Aku adalah orang yang tenggelam

hendak menebaskan pedangku pada gemericik air

Akulah tuhan:

tuhan yang akan memberkati tanah penuh dosa

 

Akulah pengkhianat

Kujual hidup ini

di jalan kejahatan

Akulah tuan pengkhianatan

 

 

Puisi-puisi ini diterjemahkan langsung dari bahasa Arab yang diambil dari kumpulan puisinya, Diwan Adonis.

Sumber : al-hakawati.net/arabic/Civilizations/diwanindex6a8.pdf 

 

Tentang Penerjemah:

Fazabinal Alim, Lahir di Sumenep, 2 Januari 1993. Penerjemah buku-buku bahasa Arab. Mahasiswa akhir Bahasa dan Sastra Arab UIN Sunan Kalijaga Yogyakarta. Di tengah kesibukannya menunaikan ibadah skripsi, ia juga mengasuh akun instagram @sastra.arab.

Adonis

Adonis

Adonis bernama asli Ali bin Ahmad bin Said Isbir.

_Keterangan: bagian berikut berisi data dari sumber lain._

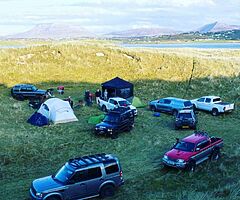 2013 Volkswagen Amarok - Image 4/4
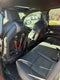2024 Toyota Tacoma 4WD TRD Pro Hybrid
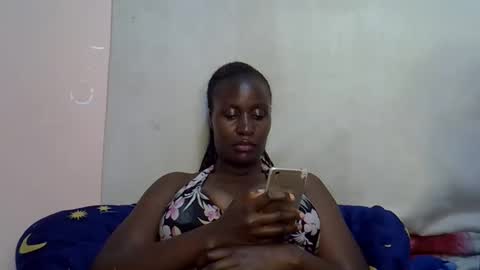 Snapshot of terriam chatting on 10/16/25, 07:15 terriam online show from 10/16/25, 07:15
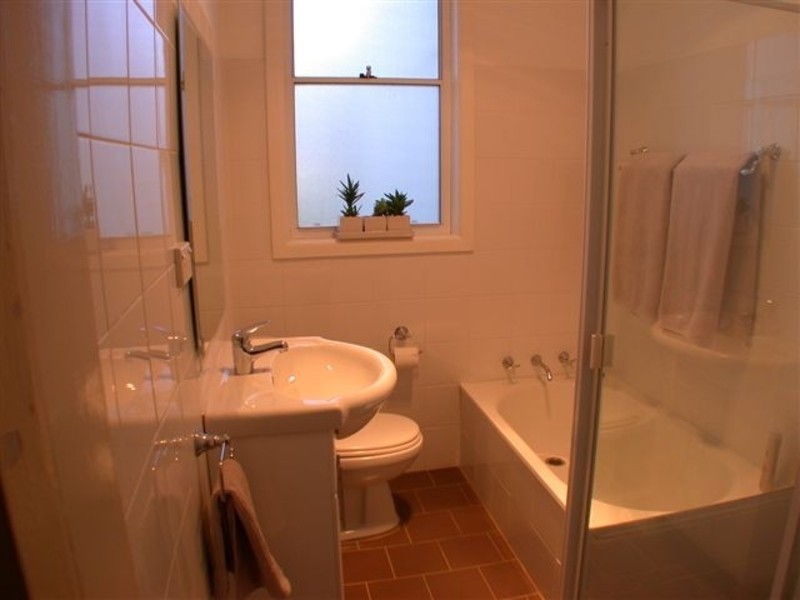 44 Hilder Road, Ermington NSW 2115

Ia lahir di desa Qassabin, Suriah, pada 1 Januari 1930 M. Penyair yang juga kritikus sastra ini termasuk pembaharu dalam kesusastraan Arab sekaligus pelopor puisi modern (Syi’r al-Hurr), yaitu puisi yang keluar dari pakem kerangka puisi klasik. Tidak sedikit penghargaan yang disematkan kepadanya, baik dalam sastra maupun pemikiran. Berulang kali namanya tercatat sebagai nominator peraih Penghargaan Nobel Sastra karena dipandang sebagai satu-satunya penyair Arab yang banyak berkontribusi dalam aspek pemikiran dan kritik sastra.